Comparing the connectivity and battery life of these two devices together may come as a surprise for many, but it is necessary to do so. While the iPad 2 comes in two variants – Wi-FI only and Wi-FI + 3G, the Kindle 4 e-book reader only supports Wi-Fi connectivity. Lack of 3G connectivity and limited web browsing turns out to be an unexpected advantage for Kindle, as it enhances it battery life by a significant extent. While the Kindle can work for a whole 1 month with Wi-Fi off and 15-18 days with Wi-Fi on, the new iPad only lasts for 10 hours in one full charge. The difference in the battery life of iPad 2 and Kindle is justified because you will use a tablet as a full-fledged PC, watching videos, streaming music, playing games, surfing the web and, of course, reading books, and the Kindle will be mostly used to read books.
Amazon’s Kindle 4 only costs US$79, while the basic model of Apple iPad itself is priced at US$499. The higher end versions of the iPad can reach at US$899, depending on the features you desire. While the price tag of US$499 is justified if you intend to buy a tablet PC manufactured by brand Apple, it is a bit too much for an e-book reader. The low price of Kindle doesn’t just give it an edge over the iPad, but also gives it a definite advantage over other e-book readers in the market.

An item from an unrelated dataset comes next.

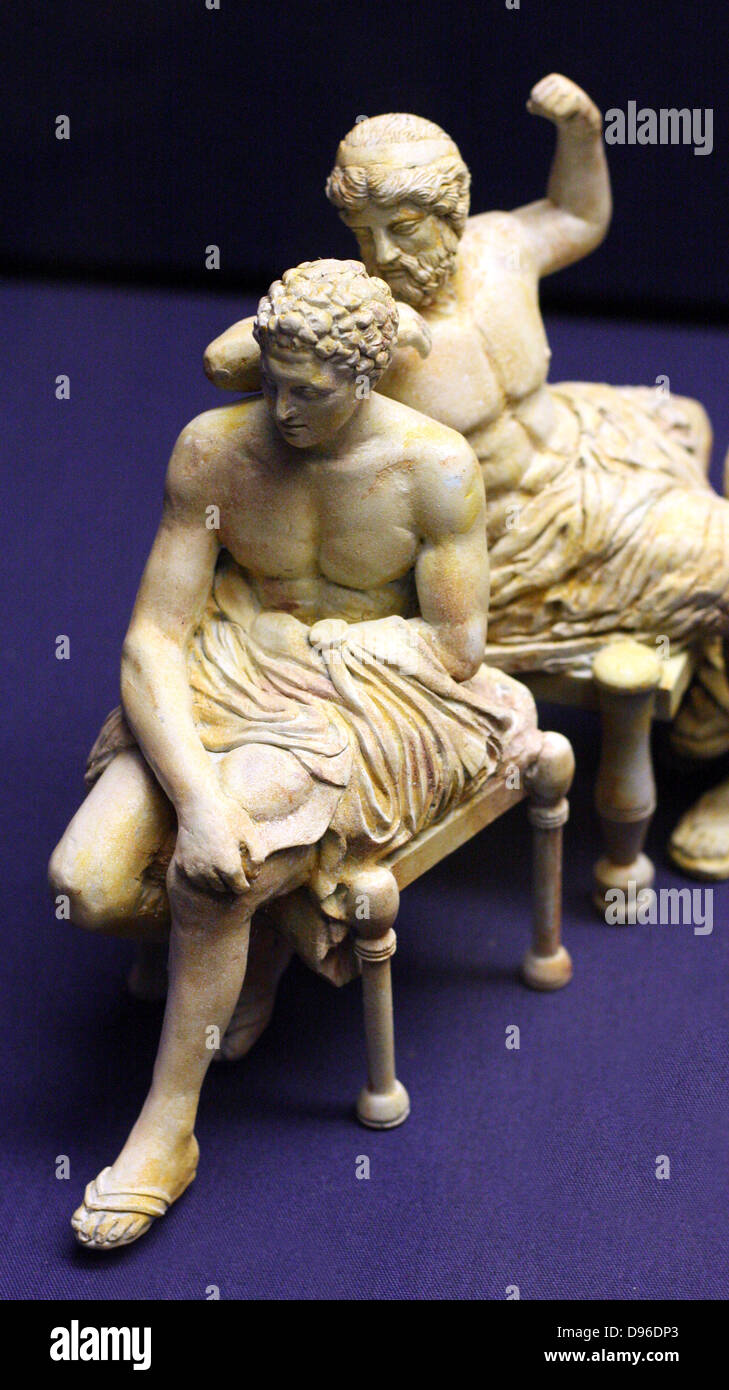 3-D les loisirs des dieux de l'Olympe de la frise du Parthénon. Les sculpteurs de l'Université de Tsukuba, et l'Université de Tokyo des Arts. Banque D'Images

Simply put, comparing Apple iPad and Amazon Kindle is as good as comparing apples and oranges, and the e-book reader perspective is the only thing which puts the two devices on a common platform. There is little doubt about the fact that the fourth generation Kindle is a better e-book reader, as compared to the iPad 2, and you should opt for it only if you are looking for a dedicated e-book reader. But if you are looking for something more than the digital book reader, and you are willing to spend more on that, then you should go for the Apple iPad which promises a lot more than simply e-reading.